START Data shown

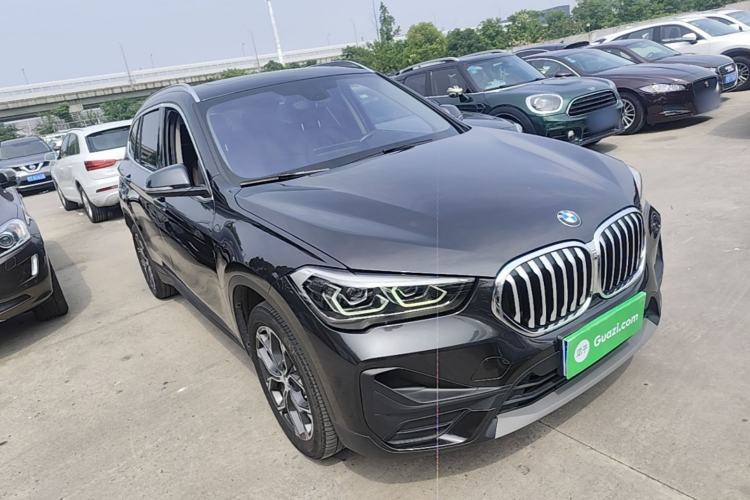 Used BMW X1 2021 sDrive25Li Leading Model Front Right 45 Deg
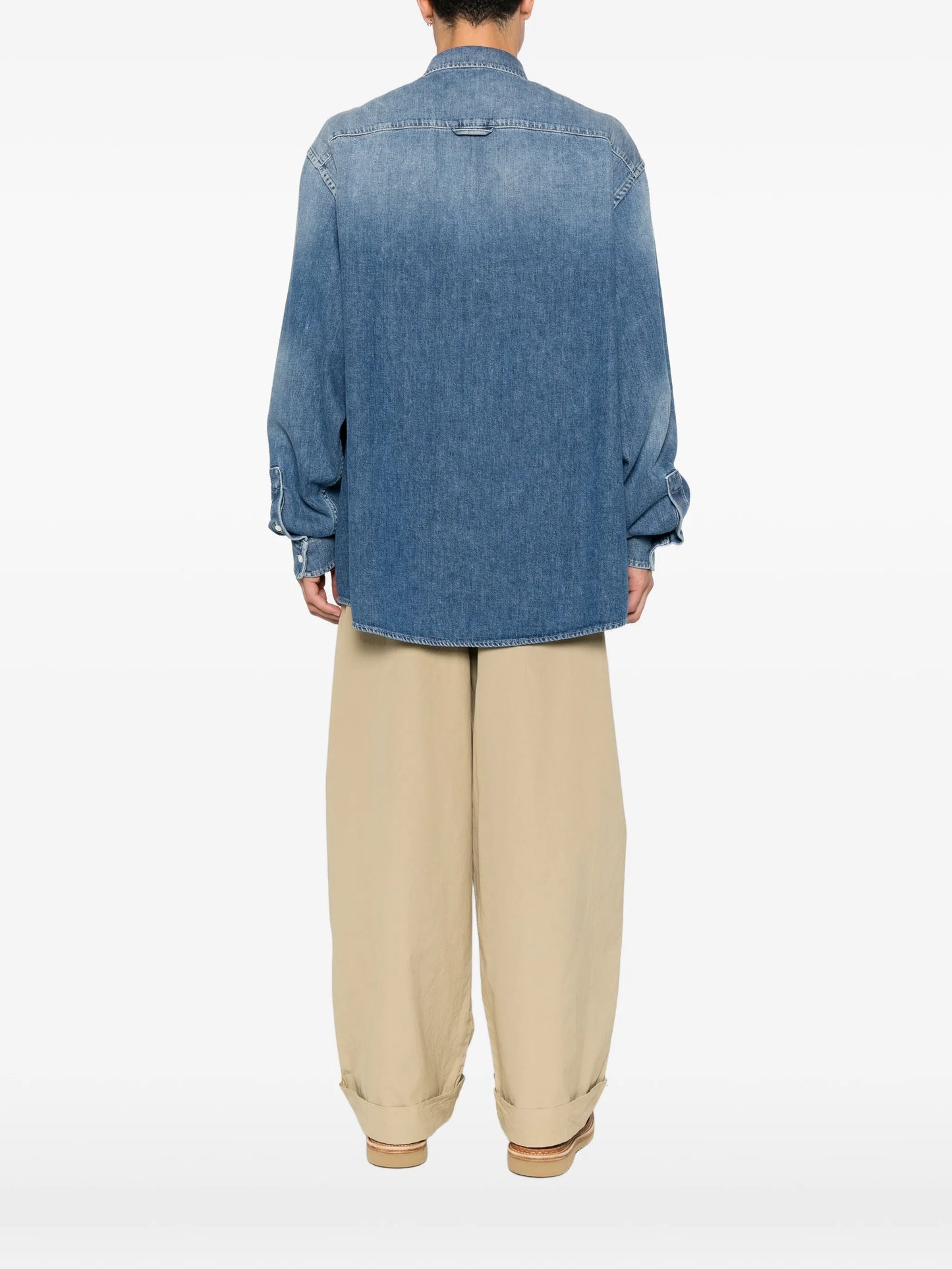 spread-collar chest-pocket shirt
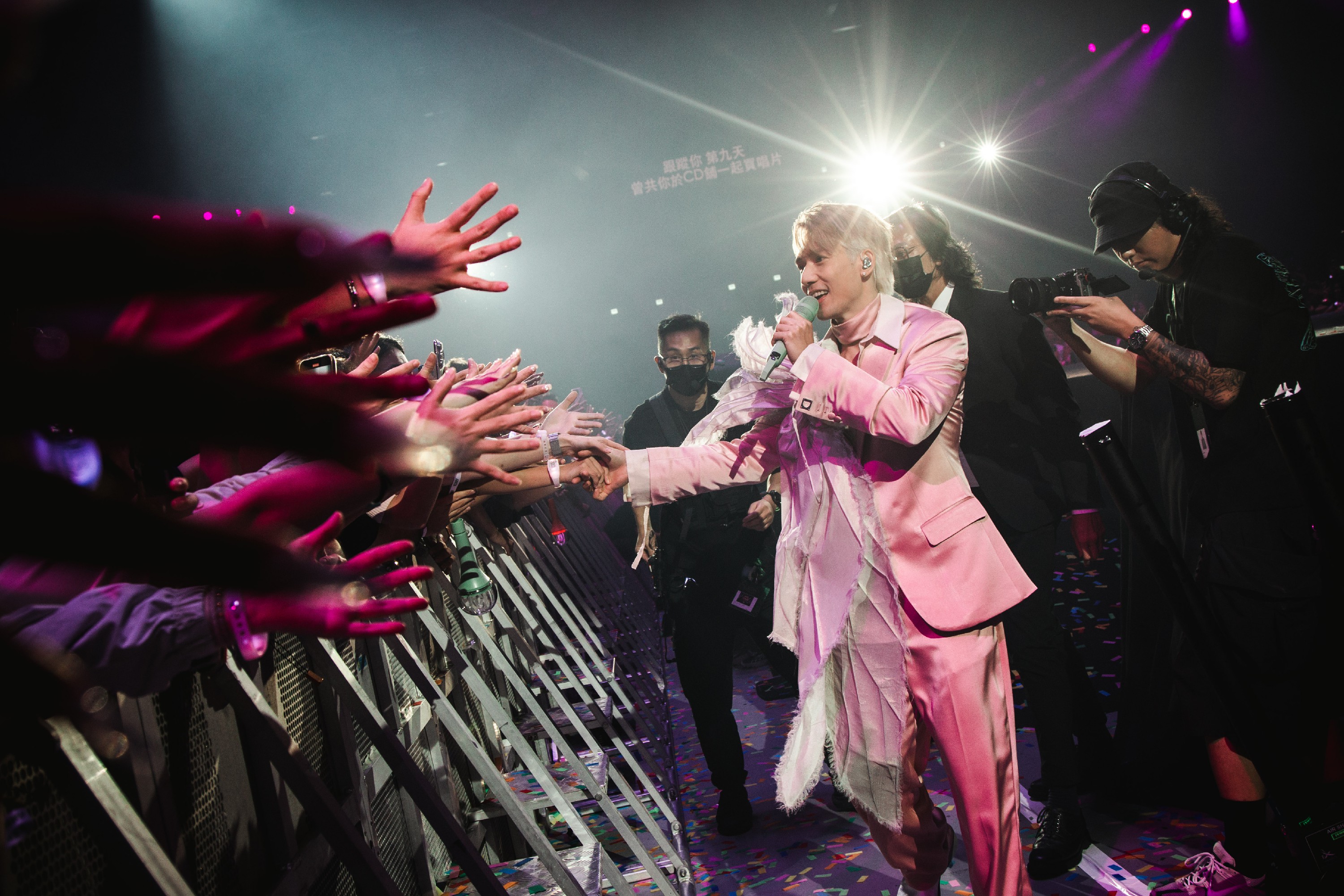 关智斌香港演唱会圆满收官：六年蓄力献唱，热血与温情交织全场 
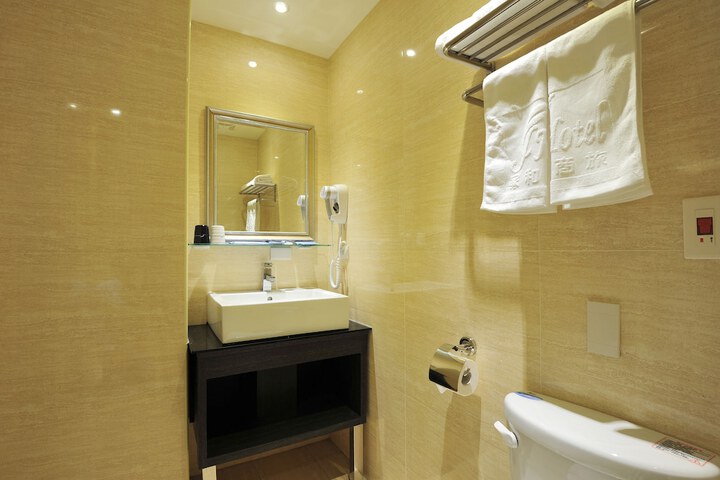 Room 43 of 63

END Data shown

### Task goal
Once the pictures are removed, copy the material above exactly.

### Output
 Used BMW X1 2021 sDrive25Li Leading Model Front Right 45 Deg
 spread-collar chest-pocket shirt
 关智斌香港演唱会圆满收官：六年蓄力献唱，热血与温情交织全场 
 Room 43 of 63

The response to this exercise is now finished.